119 – Are all subs “little”? Or middle?

In thinking about and researching on submissive labels, i’ve read a lot about “littles.” And middles and older littles and younger littles and well…. all littles. i don’t know that i understood before, what it all is or means. Admittedly, i’m still not entirely sure i completely understand now even, but i suppose maybe that’s what this post is ultimately about then too.

For sake of this discussion, i’m going to just use “little” in the entire general sense… meaning all the people who think or act younger than their actual age are all “little” here. It’s just easier to use one word than every possible combination thereof. Now i know people in this space are likely cringing right now, but bear with me for just a few more minutes and hear me out. And see what ya think.

All this research of these submissive types has me wondering……

ARE ALL SUBMISSIVES LITTLE? (Again, common term “little” being used here)

As i understand it, the “little” person wants (needs!) to act in a way that is younger than their actual age, be cared for, give up control, follow directions (orders), and is typically (although not always) the sub in the relationship.

Now it made me wonder, “isn’t that a good way to describe ALL submissives?” As my Sir’s submissive wife, and all subs really do, i give up control, follow orders, and love being cared for.

Minus that part of the definition, what’s left is the “acts at an age younger than their actual” age part, which admittedly is probably THE biggest part of a little being a little. So that may be the deal breaker in my argument that ALL subs are littles. But i’d like to put forth a thought about that too, that maybe it isn’t even really an exception at all and this applies to all submissives too.

i think all submissives act a little younger than their actual age at some point, knowingly or not. Intentionally or not. What do i mean?

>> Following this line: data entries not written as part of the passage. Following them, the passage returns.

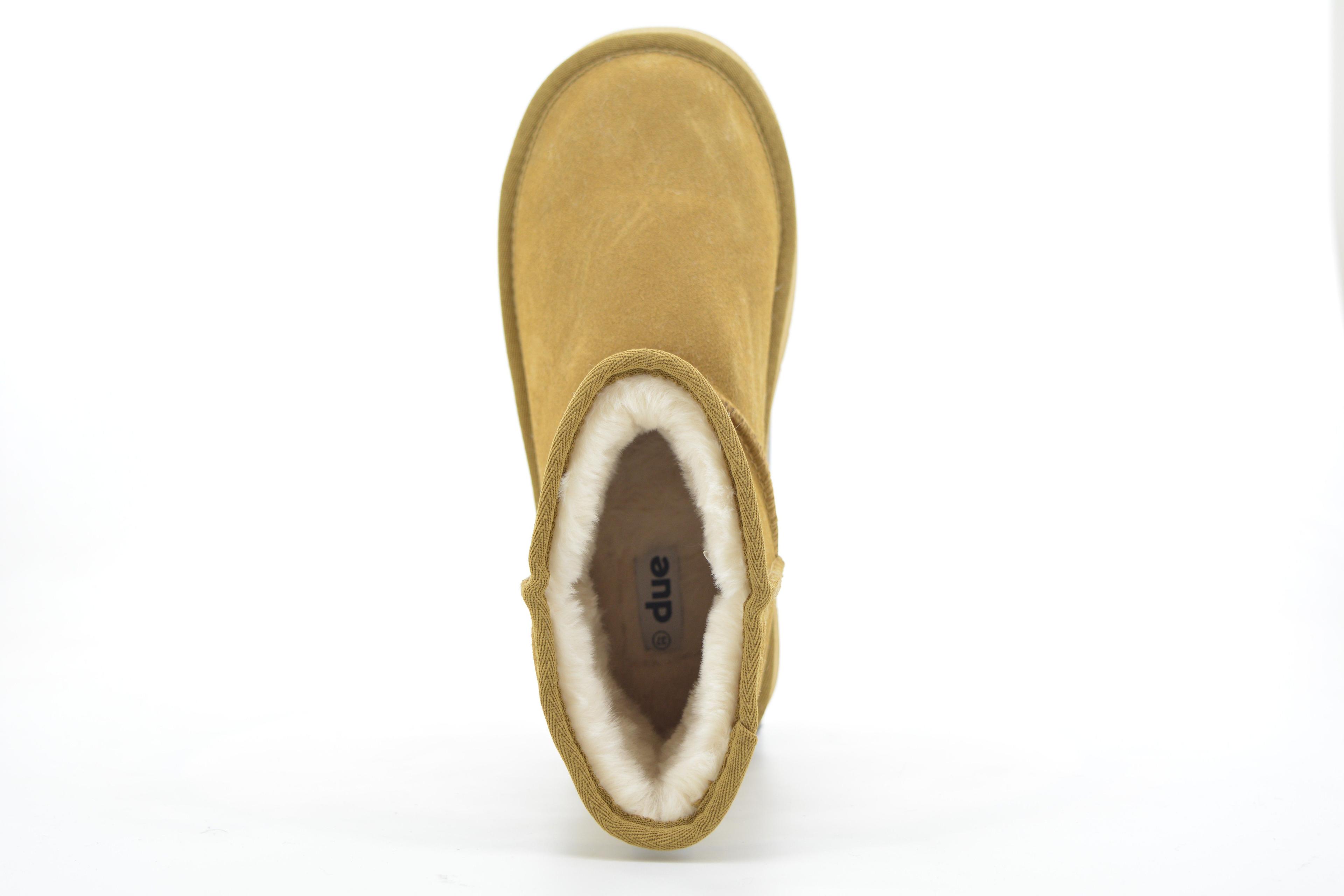 BOTA MUJER VERONA PLATFORM CAMEL-3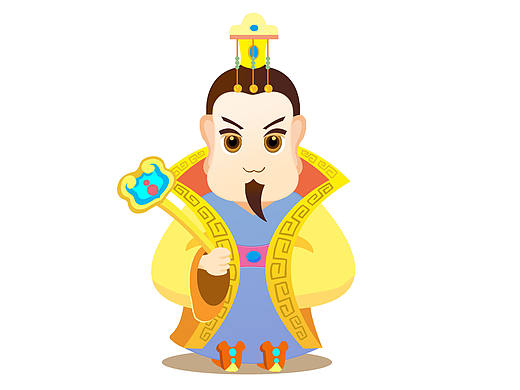 极地海洋动物形象设计（个人主页-ZMjA5MjQzNDA=） - IP形象 - 站酷设计师甜逗candy原创素材 - 站酷ZCOOL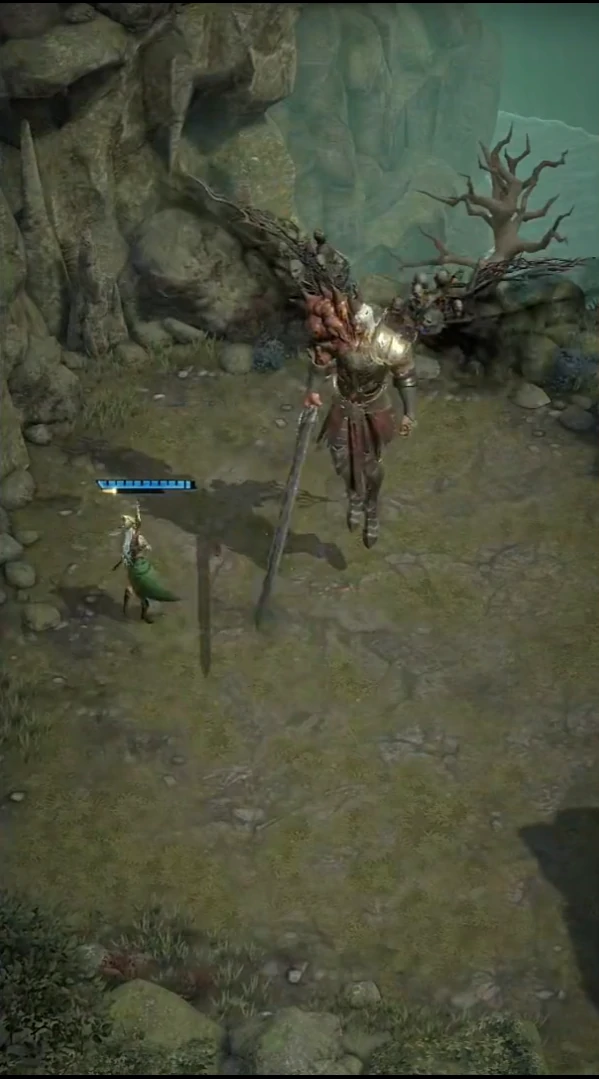 赛拉菲妮玩法介绍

Well…. i give up control that i rightfully have, as the adult that i am. i give up control to make decisions, i defer to him for the rules, and i wait to be told things. i let him set the rules and tell me frequently what i can and can’t do. i do all this even though i don’t have to, but instead because i want to.

Ok, so isn’t that also what happened when you lived under the roof of your parents….when you were younger? They made the decisions and set the rules…. when to go to bed, what was for dinner, when to eat, what chores to do, approved if you went out and with whom and when to be home…. and…. they ultimately decided when you were rewarded or punished. So you were at least a little submissive (of some sort) when you were literally a little. And if it’s also now (effectively) the same thing that adults who are submissive are doing… doesn’t that seem to say all subs are littles too? (Like if A= B, and B= C, then A=C….. ??)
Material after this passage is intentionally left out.